On 2 June 1954 the two-seater roadster, the Volvo Sport, and the company’s first sports car, made its debut. But a low weight and reliable Volvo technology were not enough – production was shut down after just 67 had been built. Or was it 68?
The name of the new car was short and sweet – Sport – and it had a short and plump body with a big grill that looked like a turbine. The wheelbase was 20 centimetres shorter than that of the Volvo PV 444, whose mechanics it otherwise shared. Under the hood there was a 1.4 litre tuned version of the PV 444 engine, with twin carburettors and 70 horsepower. The top speed was specified as 155 km/h.

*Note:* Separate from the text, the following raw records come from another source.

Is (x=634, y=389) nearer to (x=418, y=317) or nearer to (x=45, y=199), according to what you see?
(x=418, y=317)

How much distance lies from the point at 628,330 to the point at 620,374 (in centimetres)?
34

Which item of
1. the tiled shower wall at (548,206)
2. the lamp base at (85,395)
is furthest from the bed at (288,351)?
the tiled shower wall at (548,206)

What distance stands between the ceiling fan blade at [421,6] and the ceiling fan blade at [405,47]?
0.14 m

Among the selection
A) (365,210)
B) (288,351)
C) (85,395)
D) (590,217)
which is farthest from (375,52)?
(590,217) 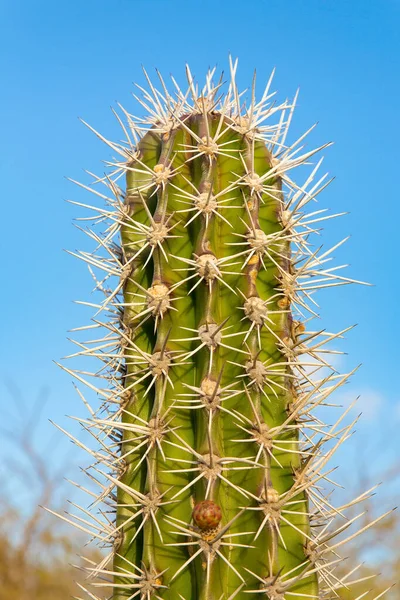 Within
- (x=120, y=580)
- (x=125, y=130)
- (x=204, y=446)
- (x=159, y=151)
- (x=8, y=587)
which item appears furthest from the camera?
(x=8, y=587)

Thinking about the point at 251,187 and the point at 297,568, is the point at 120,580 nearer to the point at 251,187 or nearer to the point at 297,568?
the point at 297,568

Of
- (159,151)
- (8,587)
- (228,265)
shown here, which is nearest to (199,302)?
(228,265)

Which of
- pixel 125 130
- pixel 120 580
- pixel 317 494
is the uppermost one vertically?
pixel 125 130

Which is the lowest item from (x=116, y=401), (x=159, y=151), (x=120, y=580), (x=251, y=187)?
(x=120, y=580)

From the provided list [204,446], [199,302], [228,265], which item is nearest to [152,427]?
[204,446]

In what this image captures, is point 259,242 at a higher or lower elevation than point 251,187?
lower

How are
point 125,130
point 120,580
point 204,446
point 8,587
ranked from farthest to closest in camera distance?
point 8,587
point 125,130
point 120,580
point 204,446

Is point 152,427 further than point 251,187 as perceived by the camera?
No

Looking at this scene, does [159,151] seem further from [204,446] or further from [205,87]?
[204,446]

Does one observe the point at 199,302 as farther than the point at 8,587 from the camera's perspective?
No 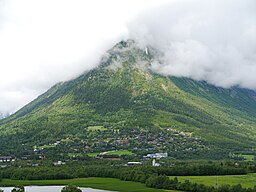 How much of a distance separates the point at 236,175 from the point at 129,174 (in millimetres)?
39041

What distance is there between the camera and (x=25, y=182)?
170m

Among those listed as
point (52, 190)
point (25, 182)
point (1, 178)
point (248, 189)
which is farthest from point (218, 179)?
point (1, 178)

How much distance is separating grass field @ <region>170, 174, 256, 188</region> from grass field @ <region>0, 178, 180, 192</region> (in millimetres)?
17186

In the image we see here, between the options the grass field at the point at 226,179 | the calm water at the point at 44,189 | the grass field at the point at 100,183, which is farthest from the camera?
the grass field at the point at 226,179

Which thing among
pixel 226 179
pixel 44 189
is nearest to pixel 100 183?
pixel 44 189

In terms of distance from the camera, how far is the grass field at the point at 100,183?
150 m

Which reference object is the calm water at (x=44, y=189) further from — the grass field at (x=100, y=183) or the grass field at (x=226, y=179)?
Result: the grass field at (x=226, y=179)

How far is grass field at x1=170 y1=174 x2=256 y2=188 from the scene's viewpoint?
151 meters

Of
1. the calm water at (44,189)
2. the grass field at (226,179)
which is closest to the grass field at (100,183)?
the calm water at (44,189)

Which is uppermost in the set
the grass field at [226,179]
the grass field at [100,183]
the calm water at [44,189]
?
the grass field at [226,179]

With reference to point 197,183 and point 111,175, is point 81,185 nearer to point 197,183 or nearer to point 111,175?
point 111,175

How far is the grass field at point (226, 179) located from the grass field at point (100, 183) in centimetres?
1719

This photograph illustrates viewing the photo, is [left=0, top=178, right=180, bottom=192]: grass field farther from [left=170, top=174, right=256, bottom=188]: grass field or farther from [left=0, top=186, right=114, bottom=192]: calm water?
[left=170, top=174, right=256, bottom=188]: grass field

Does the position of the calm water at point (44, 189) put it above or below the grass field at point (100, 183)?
below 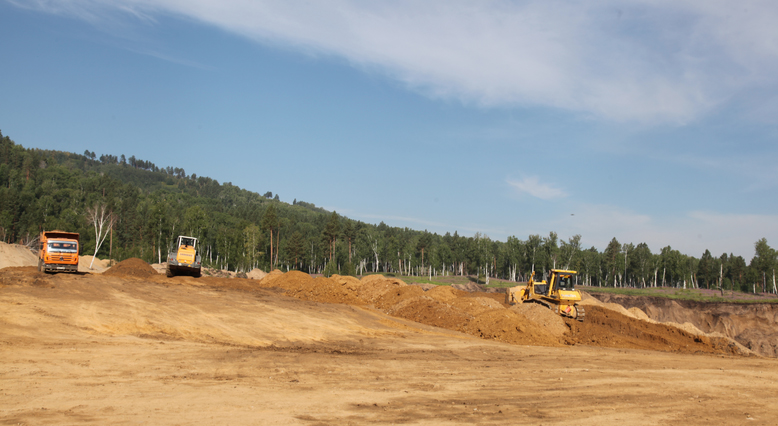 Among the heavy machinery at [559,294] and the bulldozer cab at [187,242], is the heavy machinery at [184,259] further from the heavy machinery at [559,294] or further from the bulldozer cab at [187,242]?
the heavy machinery at [559,294]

The Volvo Sport was the direct result of the many reconnaissance trips made to the USA by the company’s founder and MD Assar Gabrielsson in the early 1950s. In his quest to learn as much as possible about the market before launching Volvo on the other side of the Atlantic, he met a lot of people in the car world. One company that he came into contact with was Glasspar in Montecito, California. Since 1951 they had been building hulls for boats and bodies for sports cars using the new material fibreglass.
Despite the failure of P1900 – as the car was known internally – Volvo still gained useful experience from the project. Shortly after the stop in production of the Volvo Sport, MD Gunnar Engellau commissioned a new sports car – made from steel. Four years later the Volvo P1800 was ready – and a significantly greater success for Volvo.